Ни в XV в., ни позднее церковь, упорно пытавшаяся сохранить роль главного носителя духовной коммуникации русского общества, не желала критически пересмотреть свои старые постулаты и преодолеть узость собственных мировоззренческих и культурологических посылок, отказаться от тенденции действовать в отношении Иноверия грубо-универсально и бескомпромиссно. А ведь авторитарной секулярной политико-идеологической власти нужна была возможность непосредственно программировать процесс разложения мусульманского ареала на дискретные элементы, добиться их функциональной атомизации по отношению к обще-исламско-интегрирующим механизмам и вообще с успехом осуществлять «мощное движение русских на Восток (включая и Сибирь, и Приамурье, и Камчатку. – М.Б.), начатое в XI в. Новгородом и перешедшее во второй половине XV в. к Москве»198.

А это требовало:

– значительной ревизии традиционных представлений о «норме» и «патологии»;

– выработки какого-то, пусть пока самого что ни на есть эмбрионального, подобия профессиональной толерантности по отношению к чужим воззрениям199 (даже при сохранении неизменными понятии, характеризующих каждое из них200, и при категорическом отрицании всех тех – отечественных и зарубежных – течений, которые готовы были смешивать конфессиональные классификации201);

– эпистемологической подготовки для «нетравмирующего» введения в смысложизненный кругозор культуры понятий и сведений о доселе совершенно ей неведомых этносах, их религиях, нравах, обычаях, словом, о «внезапных цивилизациях» – их драматичной, ищущей, быть может, постоянно ошибающейся, но зато также неустанно себя же корректирующей мысли.

Таким образом, нужны были:

– отход от навязываемой архаичной догмой фатальной унификации бесчисленных эманаций Не-Христианства202;

– имплицитное отвержение представления о том, что структурная иерархия мира завершается православно-русским социумом, – всеобъемлющей и принципиально единственной системой203, где (в отличие от деградирующего в своем индивидоцент-ризме «латинского» или «лютеранского» Запада) весь народ выступает в роли «богоносца»204;

– следование таким (изоморфным западному реформизму205) установкам, как отрицание авторитета, недоверие к преданию и эрудиции, пафос индивидуально постигаемых, для всех равно доступных очевидностей, высокая оценка сомнения и других рефлексивных актов; неприятие схоластического умозрения и отстаивание – в противовес ему – методически осуществляемого опыта (будь то опыт непосредственного общения с инокультурными конструктами либо же с их идеальными замещениями).

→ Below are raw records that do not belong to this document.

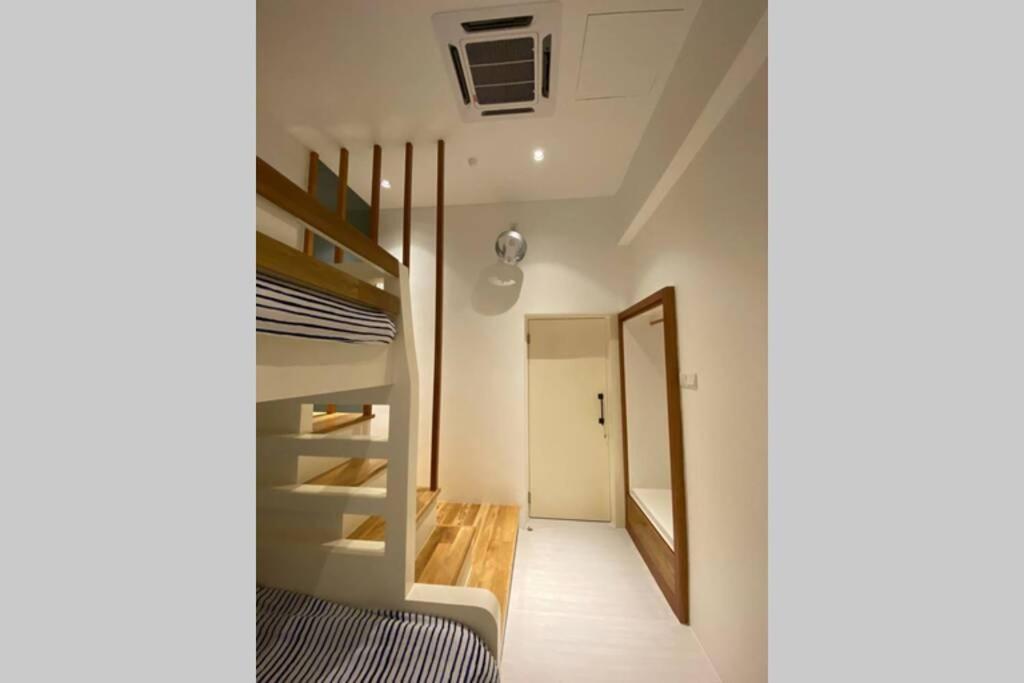 Ikiru Japanese Tatami Convenient Seaview Apartment Kuah Eksteriør billede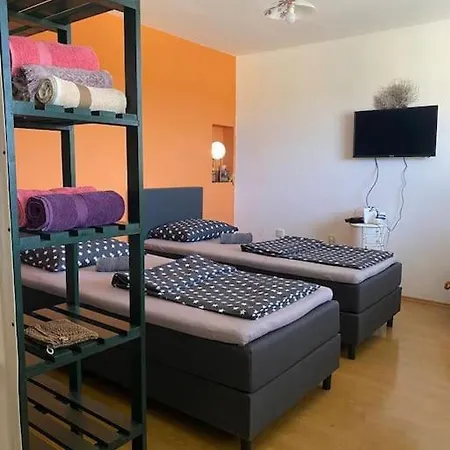 Apartman Senka * Ρόβινι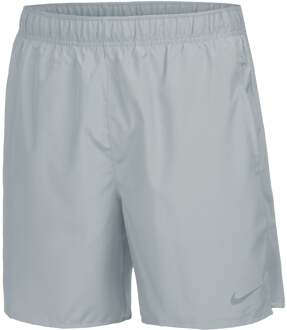 Nike challenger sportbroekje grijs heren heren - M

Коррелятивность прагматизма с его упором на предельно нейтральную описательность – при всем том, повторяю, что и речи быть не могло об устранении нормативно введенных классификационных206, качественных понятий207, и вообще об игнорировании усилий по тиражированию давным-давно запущенной общехрисианской модели ислама208 – есть, таким образом, совершенно объективная смысловая зависимость. И всего последовательнее реализовать оба эти начала могли в своих эвристически активных, но демонстративно титулованных эмпирическими штудиях209 лишь те, кому удавалось достичь, вследствие каких-то экстраординарных обстоятельств, интеллектуальной, нравственной – и даже политической, – автономии210.